Respiratory outcomes were also similar between groups at the following time points: discharge to home, 1 year, age 18 to 24 months’ postmenstrual age, and at neurodevelopmental assessments at 18 and 24 months’ postmenstrual age. No differences in the occurrence of common morbidities were reported.

“Within our study, we identified clinically relevant imbalances between treatment groups for maternal race and presence of prolonged rupture of membranes,” Hasan and colleagues wrote. “Ruptured membrane data were not reported in the NO CLD trial.
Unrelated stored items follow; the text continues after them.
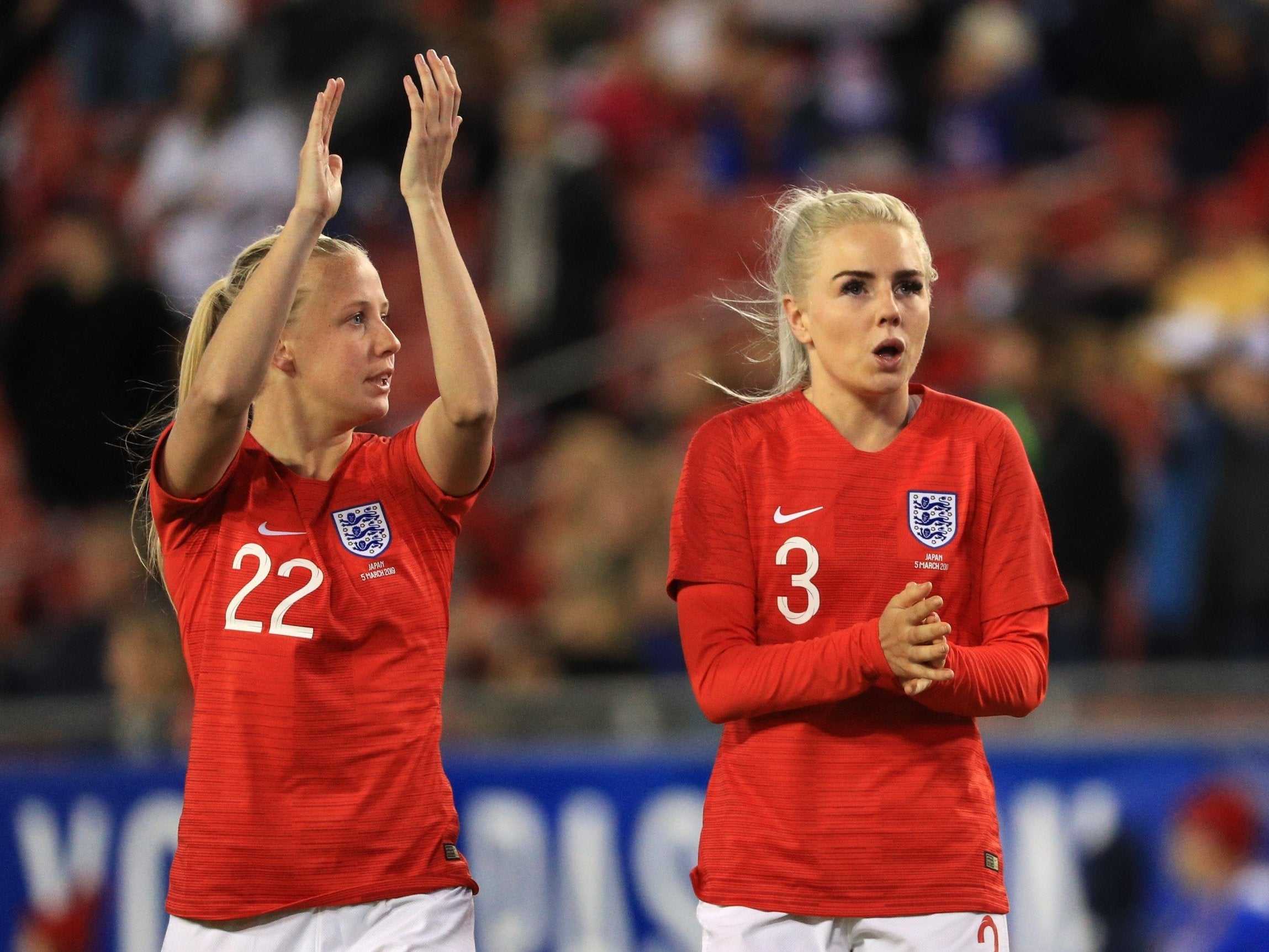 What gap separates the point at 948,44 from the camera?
11297mm

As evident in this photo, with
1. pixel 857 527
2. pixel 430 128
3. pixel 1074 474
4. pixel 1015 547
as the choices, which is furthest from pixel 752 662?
pixel 1074 474

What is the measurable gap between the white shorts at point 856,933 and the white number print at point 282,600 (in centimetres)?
90

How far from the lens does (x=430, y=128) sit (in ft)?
11.1

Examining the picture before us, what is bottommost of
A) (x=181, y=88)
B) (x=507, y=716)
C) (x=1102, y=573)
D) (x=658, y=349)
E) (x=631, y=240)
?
(x=507, y=716)

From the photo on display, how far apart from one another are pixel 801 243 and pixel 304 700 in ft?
4.00

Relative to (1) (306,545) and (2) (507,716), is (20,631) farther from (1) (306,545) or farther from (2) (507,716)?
(1) (306,545)

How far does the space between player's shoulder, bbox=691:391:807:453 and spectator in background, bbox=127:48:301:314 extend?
22.8 ft

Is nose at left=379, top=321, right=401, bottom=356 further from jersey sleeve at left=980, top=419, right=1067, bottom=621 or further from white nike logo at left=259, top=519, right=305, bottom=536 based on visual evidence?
jersey sleeve at left=980, top=419, right=1067, bottom=621

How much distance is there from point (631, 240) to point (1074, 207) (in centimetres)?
253

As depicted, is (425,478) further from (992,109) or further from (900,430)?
(992,109)

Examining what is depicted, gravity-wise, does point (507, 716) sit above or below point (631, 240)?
below

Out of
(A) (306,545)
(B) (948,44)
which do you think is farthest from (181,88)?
(A) (306,545)

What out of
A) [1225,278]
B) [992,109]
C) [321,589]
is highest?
[992,109]

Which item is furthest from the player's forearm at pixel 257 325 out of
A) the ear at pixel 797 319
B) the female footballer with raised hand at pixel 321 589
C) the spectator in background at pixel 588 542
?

However, the overall percentage of such cases in our study (7.3%) is unlikely to have a major effect on the primary outcome.”

“The discrepancy in maternal race is important to consider,” the researchers added. “We report a small (10%) but nonsignificant increase in survival without [broncopulmonary dysplasia] among infants of black race treated with inhaled nitric oxide.” – by Janel Miller

Disclosures: Hasan reports no relevant financial disclosures. Please see the study for all other authors’ relevant financial disclosures.